What I would ask however is that it is not turned into the oft seem low carb vs whatever that occurs so frequently on this forum..this was not my purpose when opened the thread.

It seems that the point I was making about the info, or rather the wording still in use on many offical advisory leaflets etc has been agreed upon by the majority of us. It is good to see that Diabetes.UK are taking these issues seriously and accepting that it really isn't a case of one size fits all.

I have the greatest respect for anyone who manages their diabetes by whatever means. I have only come across kind and helpful people here, low carbers and reduced carbers. Nobody has judged me, suggestions have been made gently regarding dietary changes and meds and at no point do I feel that I am being pushed to do anything..that only one way is the "right way".
Just as well as I would come out fighting :D

So..we all agree that more information given out at present should be changed? I would certainly like to see an end to the "fill up on carbs" business and that a reduction might be helpful. Better choice given to the individual who wants to be more proactive and better communication between professionals and patients. Sigh. maybe it could happen..

Sorry just need to add a bit to reversingmydiabetes' post.

I read some of your blog and am delighted that what you have chosen is working for you. However, one of the doctors that you advocate as sharing the same opinions as you writes this.

While type 1 diabetes is an autoimmune disease that shuts down your body's insulin production, type 2 diabetes is directly caused by an unhealthy lifestyle. Type 1 diabetics do need to inject insulin several times a day to stay alive, but type 2 diabetics do NOT need drugs. In fact, taking insulin if you're a type 2 diabetic is one of the WORST things you can do. Any physician recommending insulin regularly for type 2 diabetes suffers from profound ignorance of insulin physiology.

You agree with this? I thought the info given out in the UK regarding diet was bad, for a doctor to write this as a blanket statement regarding medication is unbelieveable. My 21 yr old daughter (type 2) is on insulin and oral medication. She has other health issues which are lifelong, a rare syndrome which will never leave her. From what you write, I can look forward to her dying early from a heart attack or stroke because of the insulin she has to have.

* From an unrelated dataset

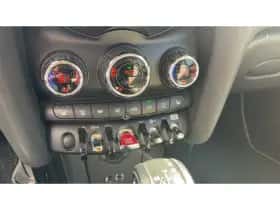 MINI Mini (2019) thumbnail 8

Quite disturbing reading actually.
 
bowell said:
Thing is Grant if you are a driver in the UK and a Insulin user the system kinda works against you

Even a normal car license is then restricted to 3 years
Some jobs are very resistive if you are insulin user or have a Total blanket ban

So you can see why a T2 if had the choice may NOT want to move onto insulin
because of driving or there job.

I did not know that about over there, Bowell. Thanks for the education. Though airline pilots over here in the US have restrictions as diabetics on insulin - drivers do not. That would never be accepted over here. Not sure how they can really 'enforce it' over there either. Do the doctors report to the bureaus of driver licensing?
reversingmydiabetes said:
It is proven that high insulin levels in the blood are as dangerous or more so than high blood sugar.
Not so Reverse, (hey - welcome to the forum!) - but what you stated there is a myth too often promulgated on these forums. Hyperinsulinemia has never been conclusively proven to be a factor in heart disease and stroke. Total myth. Another myth often used to keep people from the insulin that would help them so much.
I would like to see everyone read Dr. Richard Bernstein's Diabetes Solution in order to understand how important it is to balance insulin, blood sugar and carbohydrate levels.
[/quote]
Bernstein is alone in many of his conclusions. Considered a 'quack' by many. If even any ONE other endocrinologist would back his claims he may have greater respect. He's become a 'cult hero' to most extreme lo carbers and that's sad. Because not all of Dr.B's patients thrive. I've read a few of their stories. DrB only sees thing in one way. Again his work is not corroborated by others in his field and people should be very wary of his conclusions. I've read his book and it has MANY flaws in approach and is myopic. He's not looking at the patient as a 'whole person' - he only looks at their BG levels and everything else is secondary.